# GMG DB insulation



## kiska95 (Jan 4, 2016)

Hi Guys,

I may have solved the conundrum of insulating the bottom of my GMG!

There was a thread last year from a guy that wanted to do this with silicone & ?????  However not to be defeated on the problem I needed to find something that wasn't permanent and didn't require any drilling (not welders blankets). After watching a program about the space shuttle and speaking to my jeweller mate I had a eureka moment. I came up with an idea, if the shuttle can use heat proof tiles why cant I !. So I sourced from EBay jewellers heat proof soldering mats! They come in various sizes and prices but basically in 150mmx150x6mm blocks and are heat proof to 1800C. Now you will need a few of these and some may need to be trimmed but with the very small penny magnets set and glued into the back they are a great non permanent easy fix. You can of course cover them with tin foil for any debris that may get on them. You could glue them in place but magnets and gravity will do the trick me thinks.

Copyrights mine Lol!!!!!

Wat de ya recon???????????


----------



## smokin monkey (Jan 4, 2016)

Picture please Brian! [emoji]128248[/emoji][emoji]128248[/emoji][emoji]128248[/emoji]

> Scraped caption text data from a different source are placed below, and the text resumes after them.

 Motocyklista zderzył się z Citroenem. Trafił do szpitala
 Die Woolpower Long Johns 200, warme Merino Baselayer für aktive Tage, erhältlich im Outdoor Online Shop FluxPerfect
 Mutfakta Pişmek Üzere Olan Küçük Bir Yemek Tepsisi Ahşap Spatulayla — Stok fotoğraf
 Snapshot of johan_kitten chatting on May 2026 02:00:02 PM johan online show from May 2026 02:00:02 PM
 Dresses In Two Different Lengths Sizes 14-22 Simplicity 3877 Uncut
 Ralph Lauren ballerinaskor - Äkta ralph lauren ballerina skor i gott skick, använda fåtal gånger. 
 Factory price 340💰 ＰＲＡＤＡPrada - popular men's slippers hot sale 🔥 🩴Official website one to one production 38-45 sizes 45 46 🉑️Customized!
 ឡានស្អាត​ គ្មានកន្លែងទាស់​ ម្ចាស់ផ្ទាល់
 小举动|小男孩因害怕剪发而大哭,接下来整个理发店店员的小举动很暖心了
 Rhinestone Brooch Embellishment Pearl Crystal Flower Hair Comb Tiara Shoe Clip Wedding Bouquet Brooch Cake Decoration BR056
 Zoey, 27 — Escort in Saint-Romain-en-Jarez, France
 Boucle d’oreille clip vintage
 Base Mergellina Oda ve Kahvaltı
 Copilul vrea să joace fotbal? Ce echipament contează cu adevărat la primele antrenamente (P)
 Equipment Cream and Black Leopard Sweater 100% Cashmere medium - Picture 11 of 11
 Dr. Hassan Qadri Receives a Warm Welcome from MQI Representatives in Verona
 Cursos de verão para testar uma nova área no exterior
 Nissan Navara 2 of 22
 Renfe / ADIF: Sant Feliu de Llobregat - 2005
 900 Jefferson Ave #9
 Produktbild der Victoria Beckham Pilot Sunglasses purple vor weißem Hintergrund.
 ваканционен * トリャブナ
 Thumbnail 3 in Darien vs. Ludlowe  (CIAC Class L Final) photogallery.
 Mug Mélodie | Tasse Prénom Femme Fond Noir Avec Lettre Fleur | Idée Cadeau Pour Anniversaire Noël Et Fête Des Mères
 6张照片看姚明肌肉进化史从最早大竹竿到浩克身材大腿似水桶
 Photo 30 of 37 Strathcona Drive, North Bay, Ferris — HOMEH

Are these placed inside the bottom of the smoker?


----------



## kiska95 (Jan 4, 2016)

Yes in the bottom around the burn pot n up the angled sides
Not done it yet! lol !!


----------



## smokin monkey (Jan 4, 2016)

I started a thread similar to this last year. I was looking at using Vermiculit, the same as I used in that beer keg tandoori oven.


----------



## kiska95 (Jan 5, 2016)

Too messy!!!


----------